Task requirements →
Select every line containing the word "Drive" from the material, and copy those lines.

====

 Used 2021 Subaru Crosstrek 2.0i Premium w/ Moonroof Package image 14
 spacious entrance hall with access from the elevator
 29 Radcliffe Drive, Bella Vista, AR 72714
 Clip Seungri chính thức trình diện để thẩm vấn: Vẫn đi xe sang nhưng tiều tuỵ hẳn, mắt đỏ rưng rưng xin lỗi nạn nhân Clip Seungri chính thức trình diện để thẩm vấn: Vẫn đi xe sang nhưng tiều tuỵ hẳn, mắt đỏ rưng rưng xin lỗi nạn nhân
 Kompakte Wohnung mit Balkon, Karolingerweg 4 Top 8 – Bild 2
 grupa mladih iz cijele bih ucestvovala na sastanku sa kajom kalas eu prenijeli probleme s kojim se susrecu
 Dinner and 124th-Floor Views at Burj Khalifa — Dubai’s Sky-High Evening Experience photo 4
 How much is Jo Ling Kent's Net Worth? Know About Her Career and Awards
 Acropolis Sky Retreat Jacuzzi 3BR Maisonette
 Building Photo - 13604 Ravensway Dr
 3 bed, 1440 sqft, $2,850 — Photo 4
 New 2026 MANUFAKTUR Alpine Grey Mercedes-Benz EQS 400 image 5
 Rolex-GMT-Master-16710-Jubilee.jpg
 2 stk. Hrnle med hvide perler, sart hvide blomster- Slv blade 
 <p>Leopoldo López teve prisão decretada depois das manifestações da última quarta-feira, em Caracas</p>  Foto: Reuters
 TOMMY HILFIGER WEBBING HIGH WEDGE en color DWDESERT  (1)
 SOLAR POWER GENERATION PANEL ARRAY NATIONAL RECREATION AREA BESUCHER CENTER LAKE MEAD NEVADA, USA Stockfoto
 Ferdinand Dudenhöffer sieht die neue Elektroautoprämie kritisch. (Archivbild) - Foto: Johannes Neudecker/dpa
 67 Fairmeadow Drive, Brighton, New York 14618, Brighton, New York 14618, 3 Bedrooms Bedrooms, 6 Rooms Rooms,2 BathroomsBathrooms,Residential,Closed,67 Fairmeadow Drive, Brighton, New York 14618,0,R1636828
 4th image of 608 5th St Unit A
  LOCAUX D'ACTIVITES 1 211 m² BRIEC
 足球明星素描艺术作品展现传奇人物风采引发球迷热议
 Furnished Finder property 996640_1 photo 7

====

Answer to the exercise →
 29 Radcliffe Drive, Bella Vista, AR 72714
 67 Fairmeadow Drive, Brighton, New York 14618, Brighton, New York 14618, 3 Bedrooms Bedrooms, 6 Rooms Rooms,2 BathroomsBathrooms,Residential,Closed,67 Fairmeadow Drive, Brighton, New York 14618,0,R1636828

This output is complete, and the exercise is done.